Numa linguagem extremamente
clara e directa, o Rebelo de Sousa fez notar que “todo o poder é temporário” e
que, em República e em Democracia, ele só pode mesmo ser temporário.
Para o líder português, essa
limitação temporal é o cerne da mensagem ética que sustenta o conceito de
República. Mais directa ainda foi a sua constatação de que, numa República, por
oposição ao que se passa numa Monarquia, “o poder não se transmite por herança
nem comporta a escolha do sucessor”.
Em República, disse Marcelo
Rebelo de Sousa assinalando os 106 anos da República Portuguesa, “todo o poder
político é limitado pelo controlo dos outros poderes e sempre pelo povo”. Numa
declaração manifestamente dirigida à generalidade dos totalitarismos e muito
crítica das perversões governativas, Marcelo salientou que “o poder político
não é propriedade de ninguém, pessoa, família, classe, partido, grupo cívico,
cultural ou económico”, e que esse poder tem a obrigação de se manter próximo
da sua fonte de legitimação, que é o povo.
A inspiradora mensagem do
presidente de Portugal neste seu primeiro ano de mandato tem de calar fundo
numa ditadura monotonamente repetitiva como aquela que Angola vive vai para
quatro décadas de intolerável usurpação de poder. Os 37 anos de afastamento
definitivo da fonte de legitimação do poder político do regime de José Eduardo
dos Santos [foto] tornam a República de Angola numa caricatura absurda, que só tem
paralelo na brutalidade colonial.
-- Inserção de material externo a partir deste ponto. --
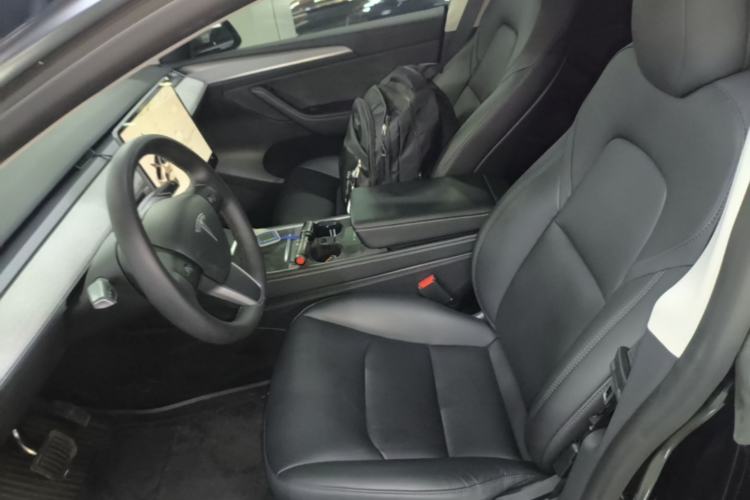 Used Tesla Model Y 2022 Rear-Wheel-Drive Version Left Front Seat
Foi este afastamento das bases que o
presidente de Portugal destacou como sendo o maior risco da Democracia.
Deixando espaço a quem o ouviu
para identificar os culposos, Marcelo Rebelo de Sousa afirmou: “(…) De cada vez
que um responsável político se deslumbra com o poder, se acha o centro do
mundo, alimenta clientelas, redes de influência e de promoção social, económica
e política, é a democracia que sofre.”
Na sua primeira edição de O
Capital, Karl Marx abre o texto com uma página onde apenas se lê: Mutato nomine de te fabula narratur.
Esta epígrafe em latim, que Marx optou por não traduzir, significa muda-lhe os
nomes, e esta é a tua história. De facto, se tomarmos Angola como o sujeito e a
corrupção e ditadura como os complementos directos, o discurso do presidente de
Portugal é uma carta aberta a José Eduardo dos Santos.